ENG 402: Varieties of English & Advanced Writing skill
3 Credit(s)

This course is intended to help students to distinguish varieties of English by analyzing the linguistic patterning of texts.  It is also expected to improve students’ own writing in different situations. Hence, the course will be very practical with exercises on analyzing and writing business letters, reports, minutes, and speeches. It encourages students to distinguish varieties of English, which are dialects.  Other distinctions depending on mode, tenor and domain will be studied. The emphasis will be on analyzing and producing texts of different varieties, which perform different functions, such as expressive, formal, informal, spoken and written.

ENG 404: History of English (Compulsory for major students
3 Credit(s)

The course seeks to highlight the major landmarks in the history of the English language that have made English the most outstanding international language. The course therefore engages a chronology of the evolution of English Language by examining the following periods: the Germanic Period, the Old or Anglo-Saxon Period, Middle English,  and the Period of Modern English; the notion of Lingua Franca is also studied, and the course finally shows that today’s English is related to the phenomenon of Language Mixing because although Germanic by origin ( vocabulary and Grammar), todays’ English is comprises words borrowed from hundreds of other languages.

ENG 405: Error & Contrastive Analysis
3 Credit(s)

The course attempts to introduce students to the scientific study of recurrent errors made by second language learners of English.  Special emphasis will be given to the nature of the similarities and differences between English and L1 systems. The pedagogical significance of error and contrastive analysis will be examined in detail.

ENG 411: Literary Criticism
3 Credit(s)

In a sweeping movement from the Greek classification to contemporary African literature, this course explores the theoretical, philosophical, historical and ideological foundations of literary criticism and practice. It considers such received principles as the immanent history of literature, the nature of art, concepts of beauty in art, and the creative process in literature. The course guides students to reflect on the practice of art and criticism by considering a selection of canonical texts from Aristotle and Achebe to Tolstoy and Woolf.

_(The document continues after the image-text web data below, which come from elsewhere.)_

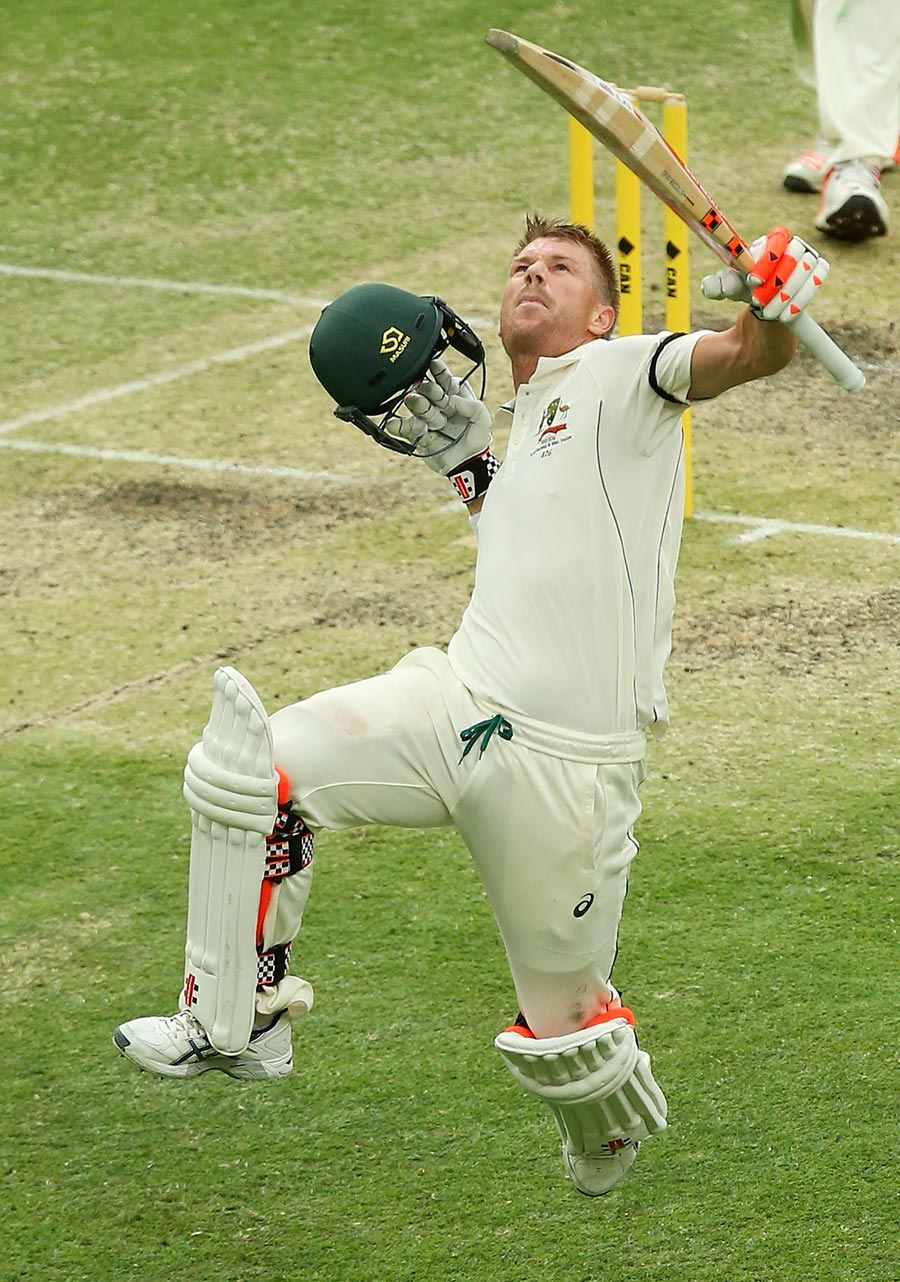 The trademark David Warner leaps on reaching a century on third day of 1st Test between Australia and New Zealand at Brisbane on Saturday.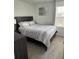 Bedroom featuring a comfortable bed, neutral tones, and soft lighting, designed to promote a tranquil night's sleep at 11688 Founders St, Orlando, FL 32832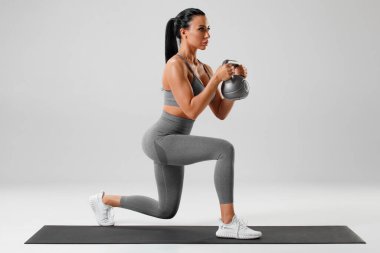 Aktif bir kız kettlebell ile hareketli egzersizler yapıyor, bacak kası eğitimi alıyor. Fitness kadını öne doğru bir adım öne atarak atlıyor.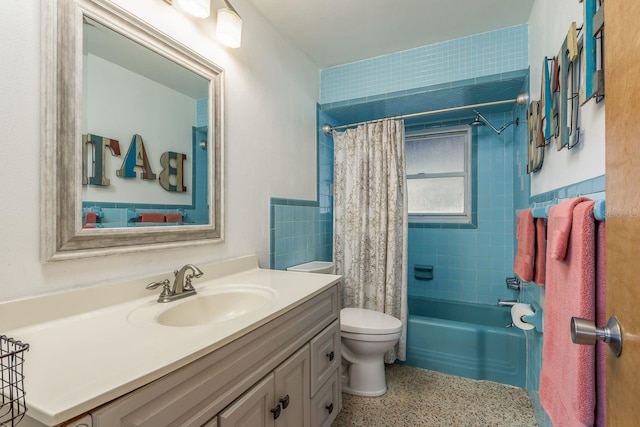 full bathroom featuring vanity, toilet, and shower / bathtub combination with curtain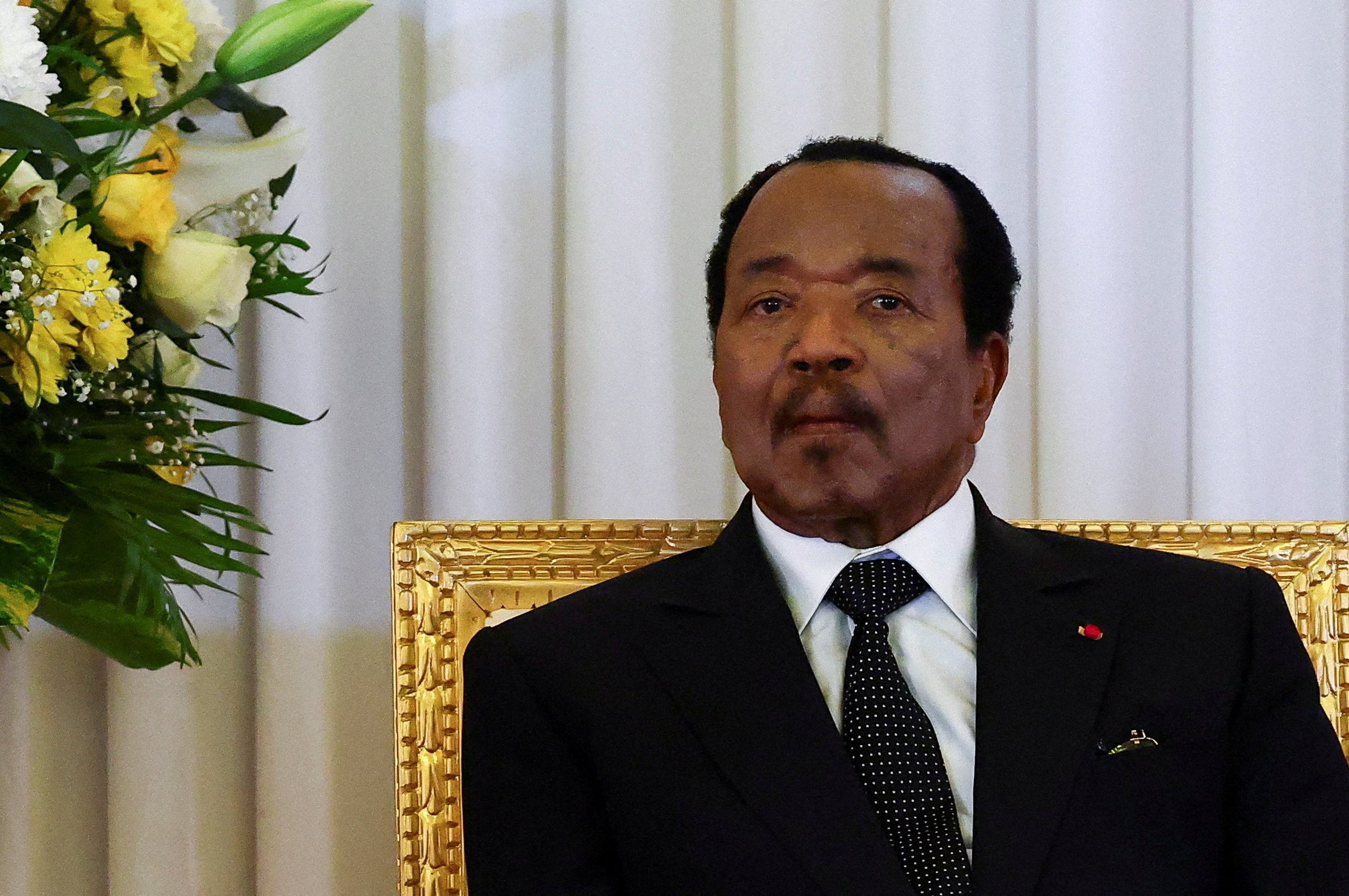 Cameroon President Paul Biya listens as Pope Leo XIV (not pictured) delivers a speech at the Presidential Palace in Yaounde in April. Photo: Reuters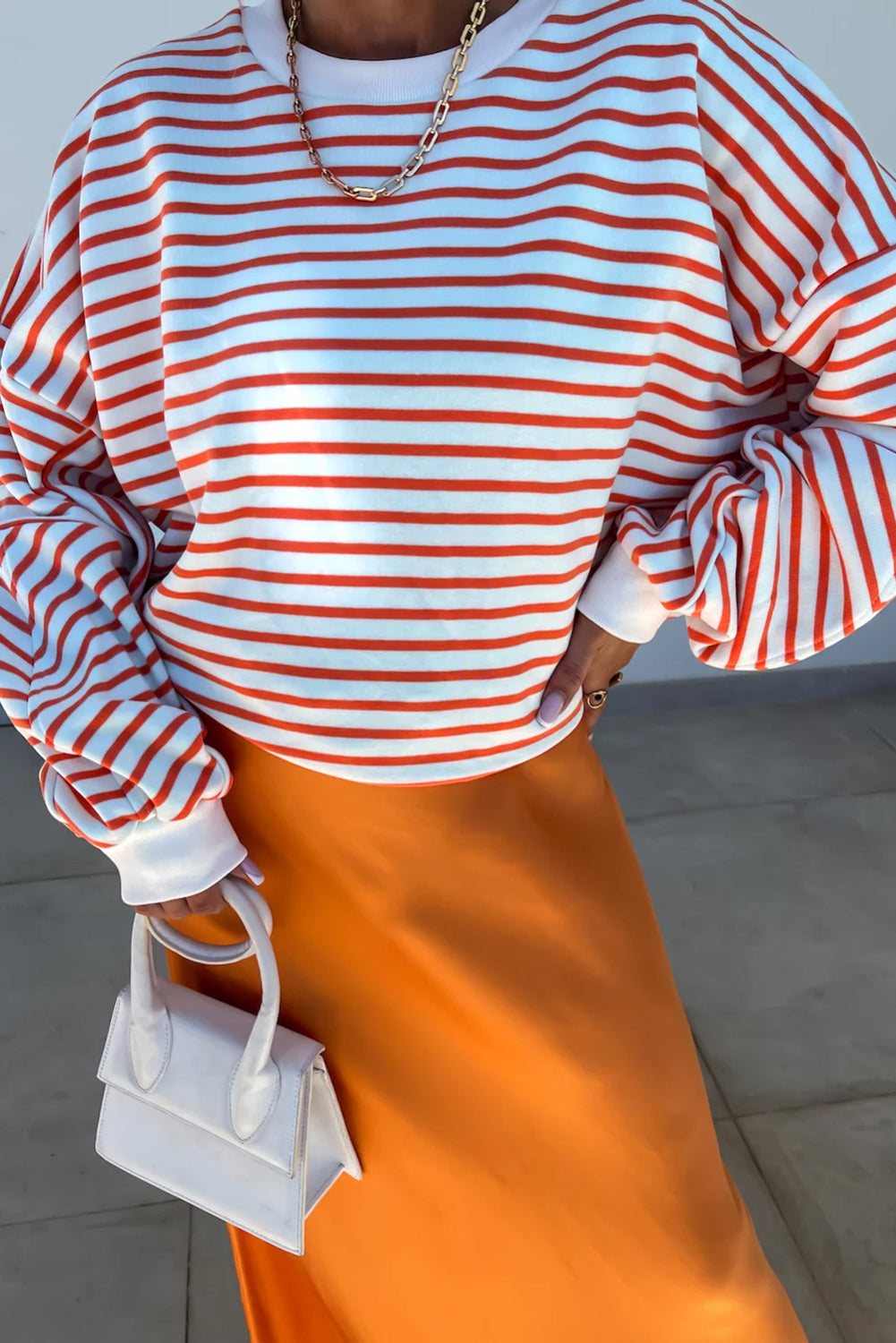 Orange stripe drop shoulder crew neck sweatshirt from ModestAndDevoted, featuring a loose fit, polyester cotton blend, and stylish design.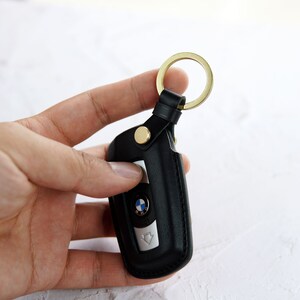 Puede incluir: Llavero de cuero negro con un anillo de llave dorado y un logotipo BMW plateado.
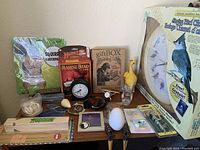 Overview of all items in the lot on a table including singing bird clock, harmonicas, rubber chicken, novelty items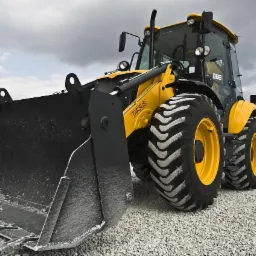 Żółto-czarna ładowarka teleskopowa z pełną łyżką jasnoszarego kruszywa na placu budowy, pochmurne niebo w tle.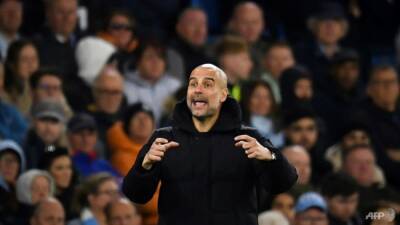 Guardiola 'loves' title tension as Man City bid to hold off Liverpool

ENG 435: Theoretical Development in Drama
3 Credit(s)

This course discusses the development of dramatic theory from the period of the Ancient Greeks to the present. It aims to acquaint students with the changing theoretical bases of the genre from Greek tragedy to later dramatic forms like the theatre of the absurd, the various types of comedy, and modern tragedy. Representative texts will be used for illustration.

ENG 436: Structure and Themes in Prose Fiction
3 Credit(s)

The course focuses on the particular contributions by selected Western Writers to the twentieth century Novel. The objective is to place the achievements of these writers within the broad spectrum of Modern Prose Fiction.

ENG 437: Thematic Exploration in Poetry
3 Credit(s)

This course examines poetry from the period of the Romantics to the present.  The focus will be on the changing trends in thematic and stylistic concerns over the period. Although the salient themes in the poems under study are the core of this course, other elements like the following are also considered: the structure, language, and cultural references that characterize the poems.

ENG 499: Long Essay
3 Credit(s)

This course is a practical course in research in English language and literature. Students will be guided to select research topics and to plan and execute a research project in a chosen area of interest. Students are required to produce a research report at the end of the semester for assessment.